**TASK TO COMPLETE**
Your answer must match, word for word, the lines from the one holding "Duo de Mesas" through the final line below, with pictures excluded.

>>>>

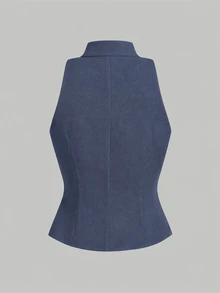 SHEIN MOD 優雅青蛙鈕扣掛脖上衣與直筒長褲套裝 - 霧霾藍 - 查看 7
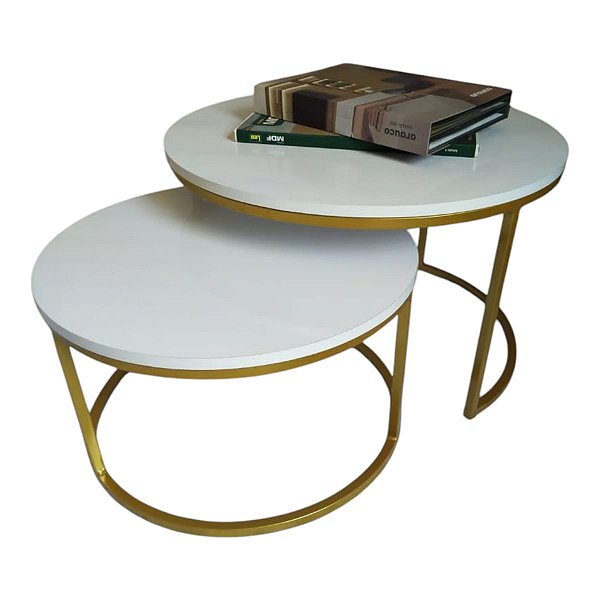 Duo de Mesas de centro Kira Dourado Champanhe com tampo Branco Laca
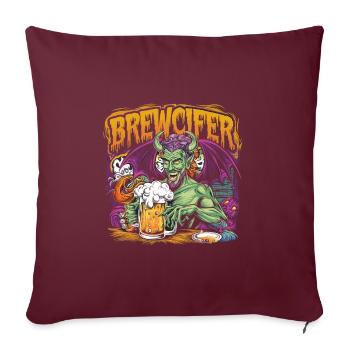 Brewcifer Devil Beer Lover Halloween - Sofakissenbezug 45 x 45 cm - Burgunderrot - Vorne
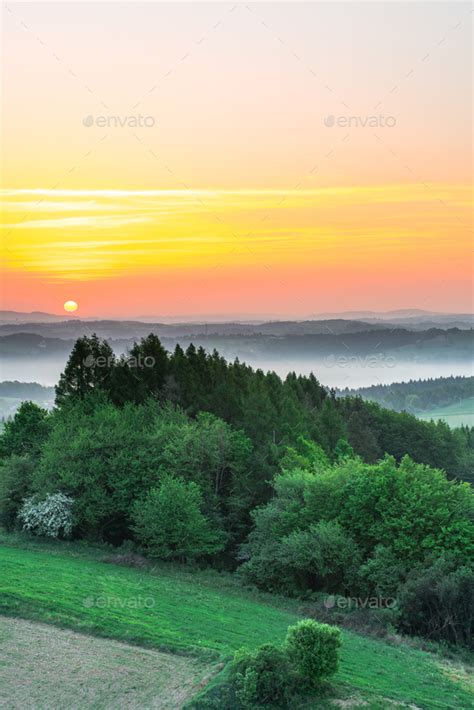 beautiful sunrise over hills foggy morning Stock Photo by merc67 ...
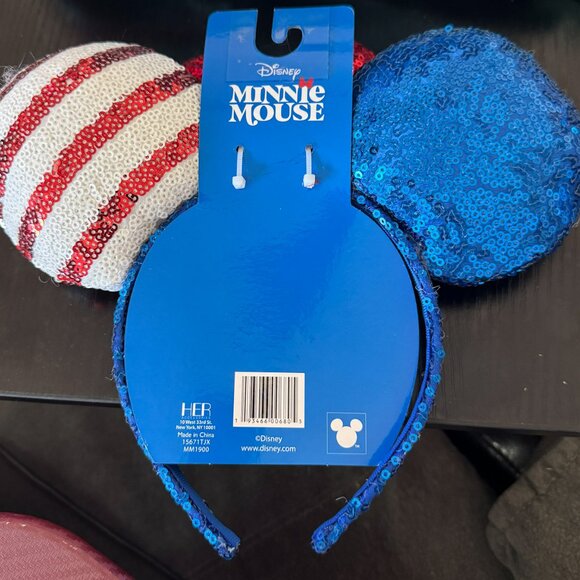 Disney Parks Patriotic Minnie Mouse Ears Headband NWT - Picture 2 of 2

<<<<

**ANSWER FOR THE TASK**
 Duo de Mesas de centro Kira Dourado Champanhe com tampo Branco Laca
 Brewcifer Devil Beer Lover Halloween - Sofakissenbezug 45 x 45 cm - Burgunderrot - Vorne
 beautiful sunrise over hills foggy morning Stock Photo by merc67 ...
 Disney Parks Patriotic Minnie Mouse Ears Headband NWT - Picture 2 of 2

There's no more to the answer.